Carcinogens found in Grilled chicken

by Medindia Content Team on  October 12, 2006 at 7:07 PM Cancer News   - G J E 4
Carcinogens found in Grilled chicken
A dangerous carcinogen known as PhIP is present in grilled chicken served in seven national restaurant chains which has prompted the Physicians Committee for Responsible Medicine (PCRM) to file a lawsuit against the restaurants.

The lawsuit was filed under California's Proposition 65 in The Superior Court of the State of California for the County of Los Angeles to compel McDonald's, Burger King, Chili's, Chick-fil-A, Applebee's, Outback Steakhouse, and TGI Friday's to warn consumers of the carcinogen. Every sample of grilled chicken from these restraurants was found to contain PhIP.

PCRM president Neal Barnard, M.D. said, "Grilled chicken can cause cancer, and consumers deserve to know that this supposedly healthy product is actually just as bad for them as high-fat fried chicken. Even a grilled chicken salad increases the risk of breast cancer, prostate cancer, and other forms of this lethal disease."

The National Toxicology Program in the Report on Carcinogen has listed 2-amino-1methyk-6-phenylimidazo[4,5-b]pyridine (PhIP), along with three other heterocyclic amines (HCAs), known as 2-amino-3-methylimidazo[4,5-f] quinoline (IQ), 2-amino-3,4-dimethylimidazo[4,5-f] quinoline (MeIQ), and 2-amino-3,8-dimethylimidazo[4,5-f] quinoxaline (MeIQx) as human carcinogens.

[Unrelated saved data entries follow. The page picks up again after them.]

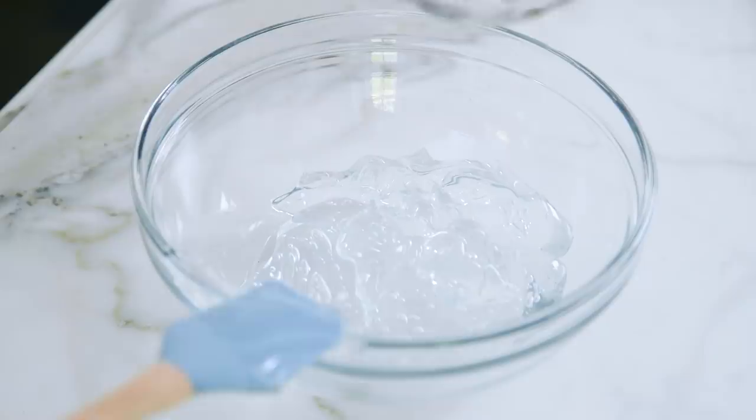Next up is glycerin. This is found in a lot of beauty products for moisture and it's going to help thicken our base. You can find this at any drugstore for just a few dollars.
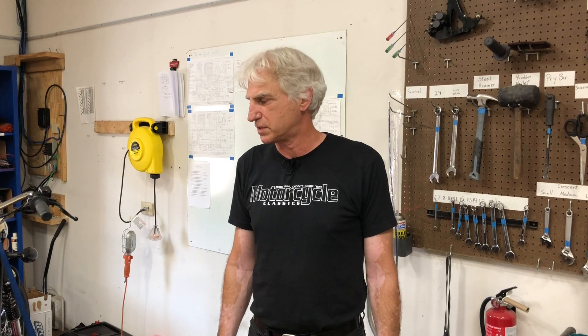Hi, this is John with Janus Motorcycles here in the service department. Today we're going to do a video showing how to change the valve adjustment on the 250 engines. We had one of these before, but we've changed the specs that we're using for a valve adjustment, so we're redoing that with our current specs.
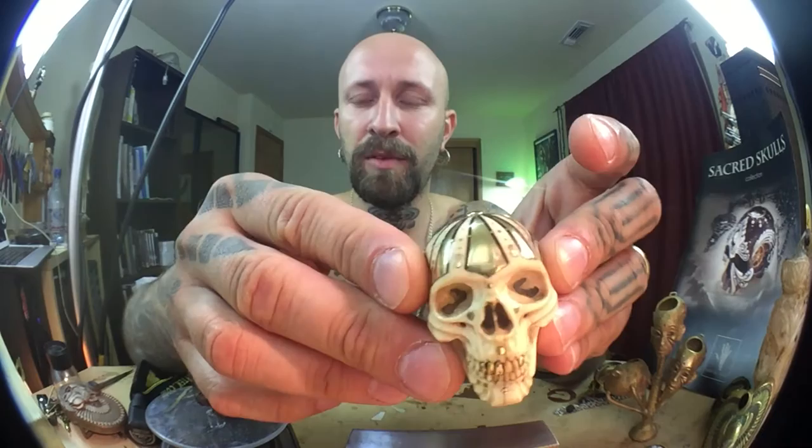Hey, what's up YouTube? This is Judy-Kael Vallès and I'm the creator of Sacred Scores. This is my first video on YouTube, so I hope you'll enjoy it — I'll make it better every time and try my best.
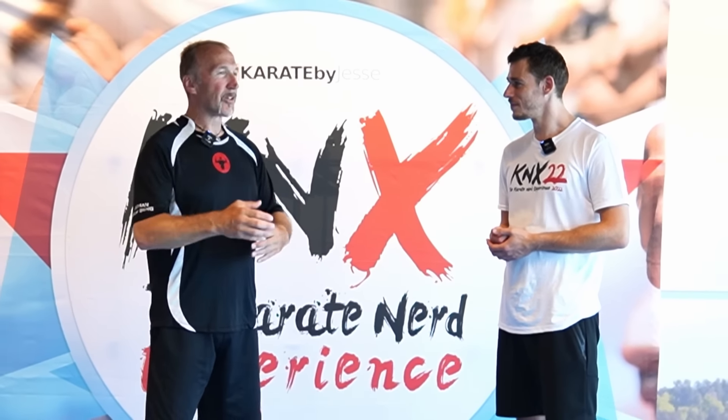If you want to see how Johan taught me the reality of knife defense, click on the video right here. Thanks for watching, and keep owning your journey.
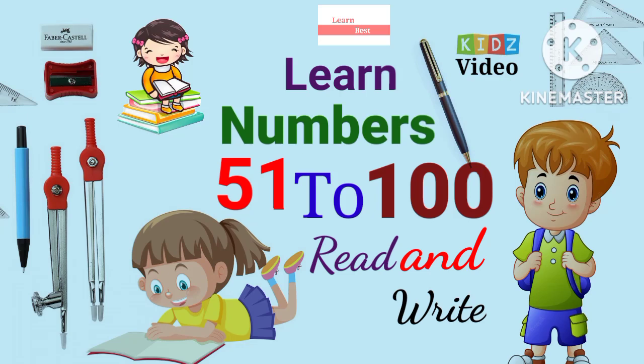Hello Kids! In this video, we will learn how to read and write counting numbers 51 to 100. So let's start the video.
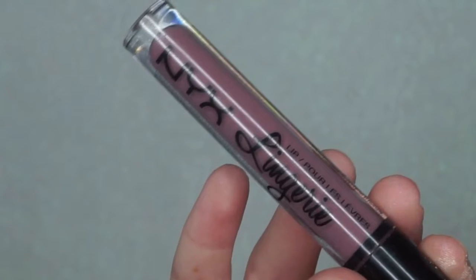On the lips, I am applying the NYX Lip Lingerie in the shade Embellishment and topping it off with the BH Cosmetics Liquid Lipstick in the shade Muse.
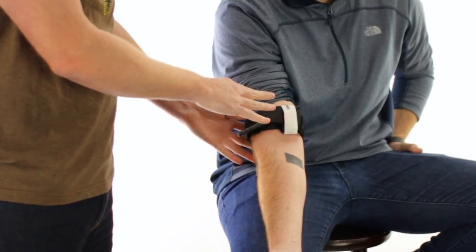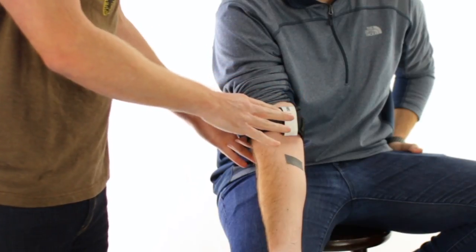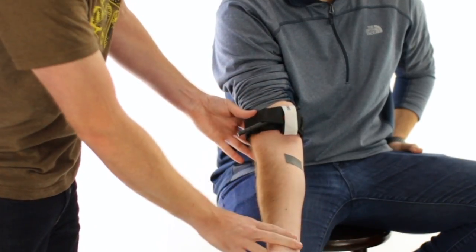Ideally this is going to be applied to bare skin, but it would still be effective if applied over clothing. Lastly, when the bleeding stops the radial pulse will also be absent, so make sure you give that a check.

The condensation of creatinine and amino acids in animal muscle forms heterocyclic amines (HCAs) including PhIP during the cooking of meat. A high level of the cancer-causing agents can be formed in a cooking process at high temperature for a long time.

HCAs are readily absorbed and distributed in the body. They are metabolized by both phase I and phase II enzymes and become toxic forms, arylnitrenium ions, which ultimately bind to DNA, leading to HCA-induced DNA adducts.

PhIP and other HCAs are more toxic than commonly known carcinogens such as benzo-(a)-pyrene. Studies have already found that among others, intake of PhIP and other HCAs may increase risk of colon, breast and prostate cancer in humans, three most common cancers in the United States which are commonly associated with meat consumption.

Researchers have recommended that meat should be prepared under 392 F or 200 C to reduce HCAs. Meat should not be cooked on direct heat. Some spices may also be used to inhibit the formation of toxic forms of PhIP in the body. Garlic is one of known spices that counteract the cancer-causing effect of PhIP.

Ronald D. Thomas, Ph.D. at Florida A&M University in Tallahassee said, "We treated human breast epithelial cells with equal amounts of PhIP and DAS separately, and the two together, for periods ranging from three to 24 hours. PhIP induced expression of the cancer-causing enzyme at every stage, up to 40-fold, while DAS completely inhibited the PhIP enzyme from becoming carcinogenic."

Dr. T. Colin Campbell, a retired nutrition professor from Cornell University said in his book "China Study" that consumption of animal protein is linked with elevated activities of enzymes that convert many non-toxic chemicals such as aflatoxin into cancer-causing agents. Dr. Campbell and others have found meat consumption is linked with increased risk of many cancers.